アイルランド50代女一人旅 5:ゴールウェイ歴史散歩

2022年10月5日

ダブリン空港からバスに乗って雨と晴れと曇と目まぐるしく変わる天気の中、予定通りにゴールウェイに到着。

ここからの予定は、まずホテルに行き、チェックイン前だから荷物だけ預けて、レディ・グレゴリーのお墓参りをしてから市内散策。

そこで、バス停から「インペリアル・ホテル」という大層な名前のホテルへ向かう。

雨あがりの Galway のなんと穏やかなこと!おしゃれでもなんでもない通りなのに、なぜか良い気分になれる。

Eyre Square Statue

すぐに街の中央広場 Eyre Square に到着。

そうそう、日本って、英語で書くと Japan ですよね。それと同じことがアイルランドでもありまして、英語で書く Ireland は、アイルランド語で書くと、Eyre なのです。Eyre が国名。おそらく、Eyre という Land だったから、それを英語発音したら Ire-Land になったのでしょう。

が、この広場の名前は、1710年にこの地域を提供した知事の名前が由来です。で、この広場の本当の名前は、John F Kennedy Memorial Park。なぜなら、1963年に、アイルランド移民で最初のアメリカ大統領になったケネディがここで演説をしたから。

ホテルにたどり着く前、Eyre Square にある銅像の上の鴎という思わず笑顔になる絵に出迎えられました。

この銅像になった方は、Liam Mellows (ライアム・メロゥズ)。アイルランド独立戦争の英雄で反逆罪で1922年に処刑されてしまいました。アイルランドの独立は本当に大変なことだったんですね。

Imperial Hotel

Imperial Hotel はEyre Square の角にあります。

15時以降のチェックインは承知だけど日本から11時頃に着くから荷物だけ置かせて、とメールしてあったら、部屋を整えていてくれた!素晴らしい!

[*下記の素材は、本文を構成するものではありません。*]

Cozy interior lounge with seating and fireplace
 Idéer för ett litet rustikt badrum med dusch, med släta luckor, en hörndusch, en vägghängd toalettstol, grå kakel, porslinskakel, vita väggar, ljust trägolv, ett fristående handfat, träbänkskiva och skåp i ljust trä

メイドさんたちはアイルランド語を喋っている。素敵だ。素敵すぎる。好きだ。暮らすのはロンドンの方が何かと面白いが、ここは本当に来て良かった。最初っから好きだ。小さな町。しかもさっきまでの大雨はどこへやら、キラキラの青空なのである。荷解きして電源でスマホたちを再充電しながらメイクして、腹ごしらえ。

The SKEFF

とにかく、食べよう。しかし、どうして良いのかよくわからない。ともかくエアスクエアに沿って歩き出すと、最初に並んでいるパブのひとつ Skeff が、1850年創業と書いてあって花が植っていて、あ、ここにしよう、と思った。大層な木造り内装でこれも一眼で気に入った。先ず fish and chipsと思ったが、なんとこれが一番高額で17ユーロもする。なぜ? もっと好物でもっと日本では希少なムール貝が12.5ユーロだったのでそれにした。

観て!この内装!

大画面では、就任したばかりのリズ・トラス首相(この時はまだ)が、「イギリスを前へ進めよう」スピーチをしていた

これだからヨーロッパ旅行はやめられない。

上の写真はテーブル席エリア。

この彫刻天井! このシャンデリア! 格子窓! カーブが美しい椅子!椅子の背もたれの繊細な刺繍! どっしりしたオークの柱たち、そしてその彫刻! 一つ一つに、愛と喜びが溢れていて、それが空間を満たす。何もかもが美術品・工芸品として美術館に入れてもいいくらいの一級の価値があるのに、普通にパブとして営業している。誰もがその恩恵に浴している。日本もこういう美術感覚にならないかなあ。

下の写真は、止まり木エリアを隠し撮り。

今回の旅は、2ヶ月後に上演する舞台作品のためのリサーチ。上演する一つは『月が昇れば』(レディ・グレゴリー作)で、舞台装置にウィスキーの樽が必要なのです。日本人のスタッフと俳優に見せようと思って写真を撮りましたが、バーテンダー君は明らかに自分が撮ってもらっていると思っているようです。芝居では、樽の上に大の男が二人、背中合わせに座る設定なのですが、この樽なら、十分可能な大きさですね。それにしても、1791年創立のPower Whiskey, 赤と黒のラベルがカッコ良すぎやしませんか?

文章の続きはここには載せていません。